# Vectorization of the title of the items from meta datasets
The idea of our design is to vectorize the title (and maybe later descriptions after proper processing of the text in that field) to compare the query vector with these vectors and find the closest items to user query. 

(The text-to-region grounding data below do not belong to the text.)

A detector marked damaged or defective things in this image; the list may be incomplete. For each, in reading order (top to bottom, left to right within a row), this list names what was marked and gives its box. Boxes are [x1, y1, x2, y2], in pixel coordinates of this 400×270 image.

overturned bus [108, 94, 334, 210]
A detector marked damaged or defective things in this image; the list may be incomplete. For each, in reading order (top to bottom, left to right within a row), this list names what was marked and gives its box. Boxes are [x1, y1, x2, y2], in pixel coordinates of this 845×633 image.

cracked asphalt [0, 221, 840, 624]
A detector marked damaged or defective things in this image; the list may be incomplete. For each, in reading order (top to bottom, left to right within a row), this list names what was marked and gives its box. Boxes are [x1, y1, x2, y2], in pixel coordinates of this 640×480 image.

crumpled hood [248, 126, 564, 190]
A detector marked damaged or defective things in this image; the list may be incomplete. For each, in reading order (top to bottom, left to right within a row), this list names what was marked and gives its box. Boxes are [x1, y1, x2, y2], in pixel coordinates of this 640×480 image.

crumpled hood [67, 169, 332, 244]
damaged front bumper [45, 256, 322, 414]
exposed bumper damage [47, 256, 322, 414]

[Query and items vectorizer](https://huggingface.co/sentence-transformers/all-mpnet-base-v2) that I used here is the sentence embedding model which is the fine-tuned version of microsoft Mpnet. After vectorization, I index the vectors with [Faiss](https://github.com/facebookresearch/faiss) which is a library for efficient similarity search and clustering of dense vectors.
Finally I saved the vectors and indeces to `vectorized_texts_v2.pkl` and `faiss_index_v2.bin`, respectively. 

In [34]:
import pandas as pd
import numpy as np
import faiss
from transformers import MPNetModel, MPNetTokenizer
from sentence_transformers import SentenceTransformer
import torch
from tqdm.auto import tqdm

tqdm.pandas()

In [35]:
df = pd.read_csv('data/all_beauty_meta_amazon.csv', usecols=['parent_asin','title','description'])

In [36]:

# Ensure CUDA is available for PyTorch
assert torch.cuda.is_available(), "CUDA is not available. Please check your PyTorch installation and GPU settings."

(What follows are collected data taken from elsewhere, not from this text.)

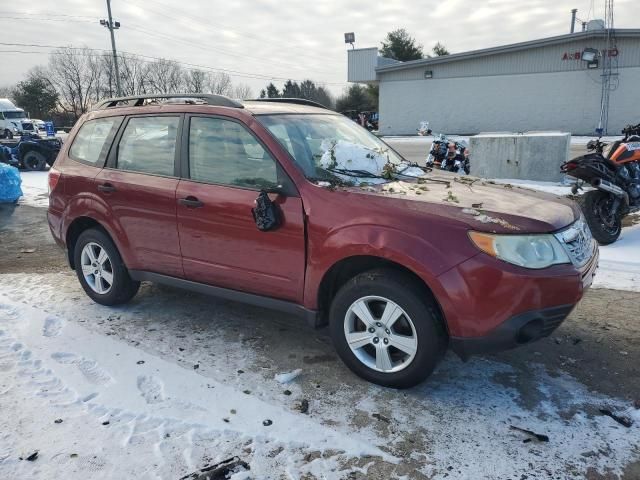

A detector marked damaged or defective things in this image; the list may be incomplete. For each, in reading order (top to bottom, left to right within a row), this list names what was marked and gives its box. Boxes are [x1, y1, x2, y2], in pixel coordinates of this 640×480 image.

broken side mirror hanging [251, 188, 282, 232]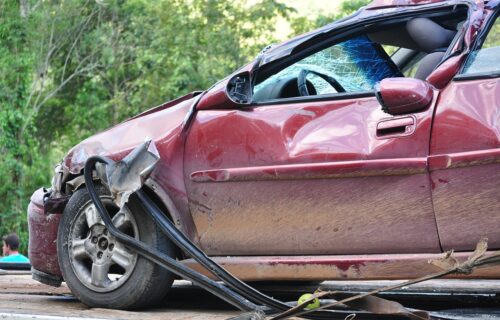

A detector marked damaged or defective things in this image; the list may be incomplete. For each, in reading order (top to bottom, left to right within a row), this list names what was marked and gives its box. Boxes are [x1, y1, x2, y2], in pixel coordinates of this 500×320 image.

shattered windshield [254, 35, 402, 100]
dented car hood [60, 91, 197, 174]
torn bumper [27, 188, 62, 282]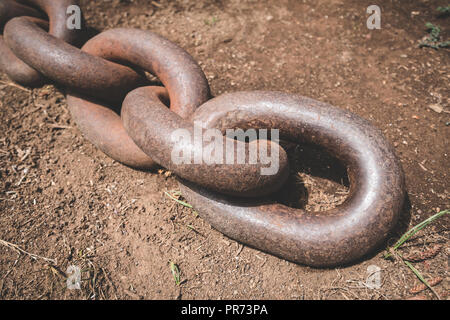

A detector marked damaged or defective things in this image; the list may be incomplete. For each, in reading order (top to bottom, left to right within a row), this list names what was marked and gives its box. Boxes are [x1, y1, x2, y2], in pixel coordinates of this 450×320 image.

corroded iron [0, 0, 82, 86]
rusted metal surface [0, 0, 83, 86]
rusty chain [0, 0, 406, 266]
corroded iron [120, 86, 288, 196]
rusted metal surface [120, 88, 288, 198]
corroded iron [178, 90, 406, 268]
rusted metal surface [179, 90, 408, 268]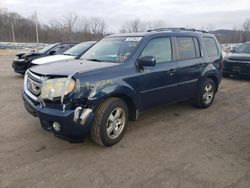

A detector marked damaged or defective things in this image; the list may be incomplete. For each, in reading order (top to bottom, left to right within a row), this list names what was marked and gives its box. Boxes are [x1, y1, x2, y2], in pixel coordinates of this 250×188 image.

cracked headlight [40, 77, 74, 100]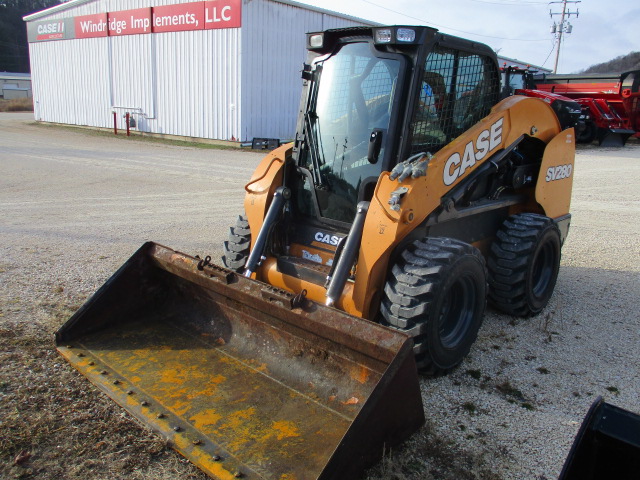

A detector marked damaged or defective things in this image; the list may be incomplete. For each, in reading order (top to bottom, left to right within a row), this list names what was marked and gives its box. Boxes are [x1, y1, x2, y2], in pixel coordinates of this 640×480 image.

rust stained bucket [56, 244, 424, 480]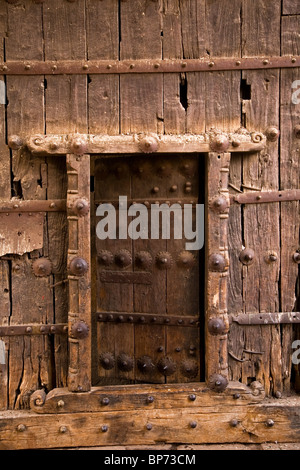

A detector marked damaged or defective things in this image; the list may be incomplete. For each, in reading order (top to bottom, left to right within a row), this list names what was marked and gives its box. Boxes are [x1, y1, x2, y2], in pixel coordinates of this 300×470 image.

rusted metal strip [0, 56, 298, 74]
rusty bolt [211, 133, 230, 151]
rusted metal strip [231, 188, 300, 205]
rusty bolt [238, 248, 254, 266]
rusty bolt [68, 258, 86, 276]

# Batch encoding function with GPU acceleration
def encode_texts_in_batches_gpu(texts, batch_size=32):
    tokenizer = MPNetTokenizer.from_pretrained('sentence-transformers/all-mpnet-base-v2')
    model = MPNetModel.from_pretrained('sentence-transformers/all-mpnet-base-v2').cuda()  # Move model to GPU
    model.eval()  # Evaluation mode

    all_embeddings = []
    
    for i in tqdm(range(0, len(texts), batch_size), desc="Encoding Texts"):
        batch_texts = texts[i:i + batch_size]
        encoded_input = tokenizer(batch_texts, padding=True, truncation=True, max_length=128, return_tensors='pt').to('cuda')
        
        with torch.no_grad():
            model_output = model(**encoded_input)
        embeddings = model_output.last_hidden_state.mean(dim=1).cpu().numpy()  # Move embeddings back to CPU
        all_embeddings.extend(embeddings)
    
    return np.array(all_embeddings)

# Vectorize texts
# Assuming the correct column name is 'text'
texts = df['title'].astype(str).tolist()

# Proceed with encoding and other operations
df['vector'] = list(encode_texts_in_batches_gpu(texts))

# Continue with the rest of your operations


# Saving DataFrame with vectors
df.to_pickle("vectorized_texts_v2.pkl")

# Faiss index creation and saving
d = df['vector'].iloc[0].shape[0]  # Dimension of vectors
index = faiss.IndexFlatL2(d)
index.add(np.vstack(df['vector'].values))
faiss.write_index(index, "faiss_index_v2.bin")

Encoding Texts: 100%|██████████| 3519/3519 [02:37<00:00, 22.40it/s]